Re: better patch for linux/bitops.h

From: H. Peter Anvin
Date: Thu May 05 2016 - 18:39:13 EST


On May 5, 2016 3:18:09 PM PDT, tytso@xxxxxxx wrote:
>On Thu, May 05, 2016 at 05:34:50PM -0400, Sandy Harris wrote:
>>
>> I completely fail to see why tests or compiler versions should be
>> part of the discussion. The C standard says the behaviour in
>> certain cases is undefined, so a standard-compliant compiler
>> can generate more-or-less any code there.
>>
>
>> As long as any of portability, reliability or security are among our
>> goals, any code that can give undefined behaviour should be
>> considered problematic.
>
>Because compilers have been known not necessarily to obey the specs,
>and/or interpret the specs in way that not everyone agrees with. It's
>also the case that we are *already* disabling certain C optimizations
>which are technically allowed by the spec, but which kernel
>programmers consider insane (e.g., strict aliasing).
>
>And of course, memzero_explicit() which crypto people understand is
>necessary, is something that technically compilers are allowed to
>optimize according to the spec.
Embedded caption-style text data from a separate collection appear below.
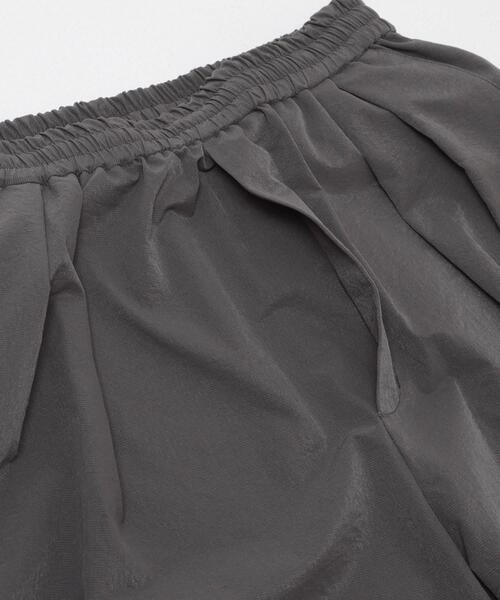 EKAL(エカル)の「DOT AIR WIDE TROUSERS(その他パンツ・レディース・ブラウン/ブラック/チャコールグレー・ONE)」の6枚目の写真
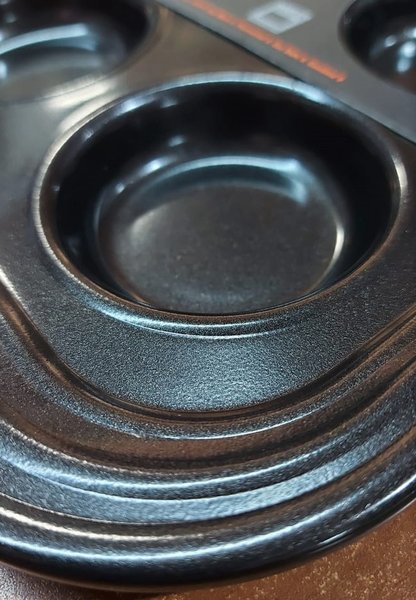 Forma para 12 Cupcakes Le Creuset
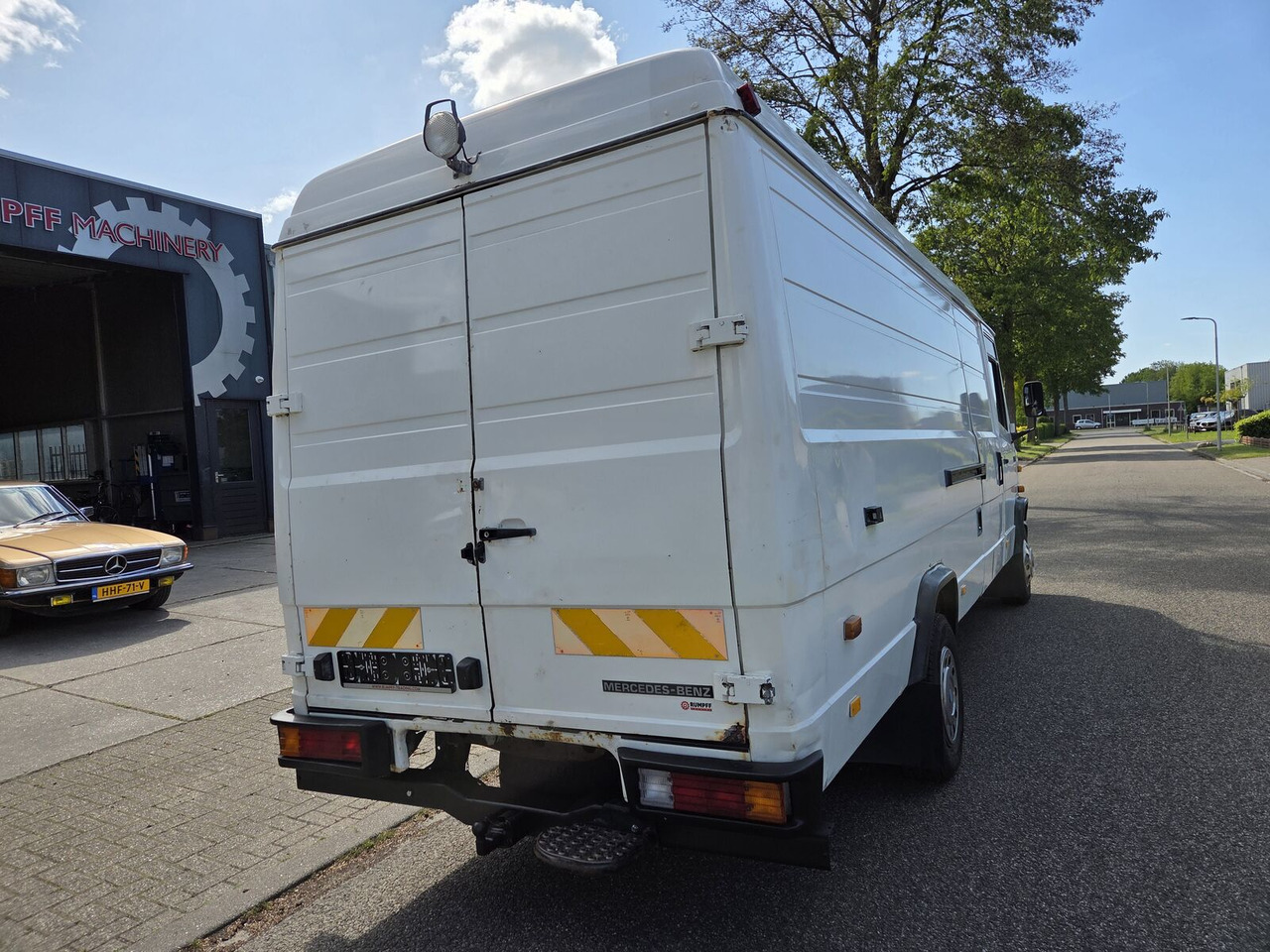 Mercedes-Benz 711D Vario Ecovan (1986) gesloten bestelwagen - Dubă: Foto 4 Mercedes-Benz 711D Vario Ecovan (1986) gesloten bestelwagen - Dubă: Foto 4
So trying to write secure kernel code
>which will work on arbitrary compilers may well be impossible.
>
>And which is also why people have said (mostly in jest), "A
>sufficiently advanced compiler is indistinguishable from an
>adversary." (I assume people will agree that optimizing away a memset
>needed to clear secrets from memory would be considered adversarial,
>at the very least!)
>
>So this is why I tend to take a much more pragmatic viewpoint on
>things. Sure, it makes sense to pay attention to what the C standard
>writers are trying to do to us; but if we need to suppress certain
>optimizations to write sane kernel code --- I'm ok with that. And
>this is why using a trust-but-verify on a specific set of compilers
>and ranges of compiler versions is a really good idea....
>
> - Ted

I have filed a gcc bug to have the preexisting rotate idiom officially documented as a GNU C extension.